WORKING DATA section start

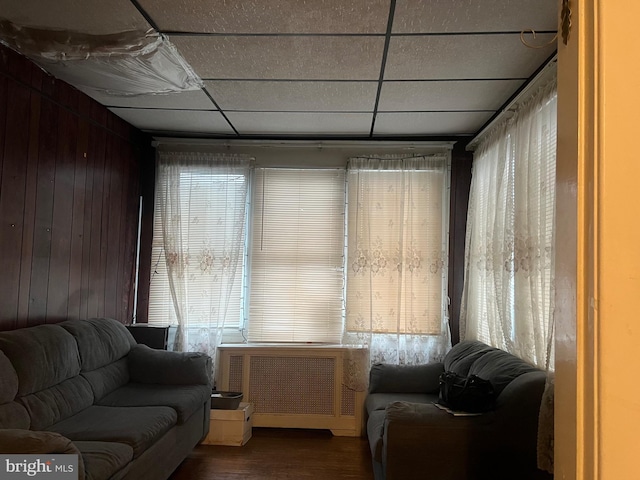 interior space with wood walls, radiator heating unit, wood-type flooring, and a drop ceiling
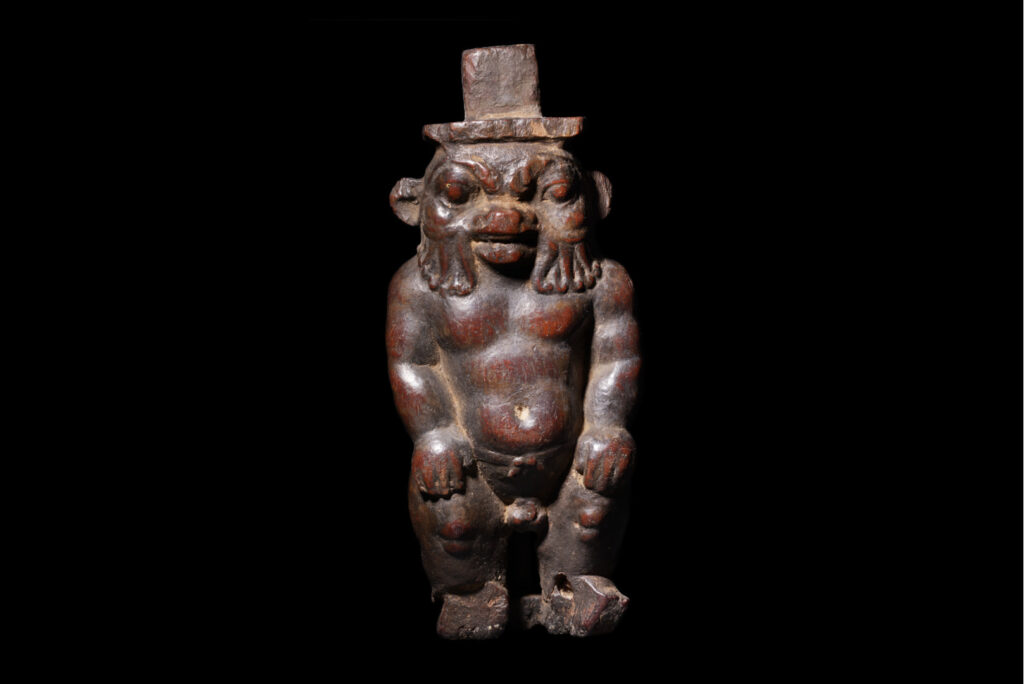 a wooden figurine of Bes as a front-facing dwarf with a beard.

WORKING DATA section end
WORKING DATA section start

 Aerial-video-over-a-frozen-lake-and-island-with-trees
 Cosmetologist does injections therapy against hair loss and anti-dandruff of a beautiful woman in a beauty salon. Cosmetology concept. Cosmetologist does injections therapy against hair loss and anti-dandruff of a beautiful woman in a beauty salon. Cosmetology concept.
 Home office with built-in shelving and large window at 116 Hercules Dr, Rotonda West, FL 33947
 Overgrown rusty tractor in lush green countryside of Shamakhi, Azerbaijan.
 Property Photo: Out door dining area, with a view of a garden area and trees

WORKING DATA section end

Take the word "trees" and find each line of the material that contains it. Copy those lines.

 Aerial-video-over-a-frozen-lake-and-island-with-trees
 Property Photo: Out door dining area, with a view of a garden area and trees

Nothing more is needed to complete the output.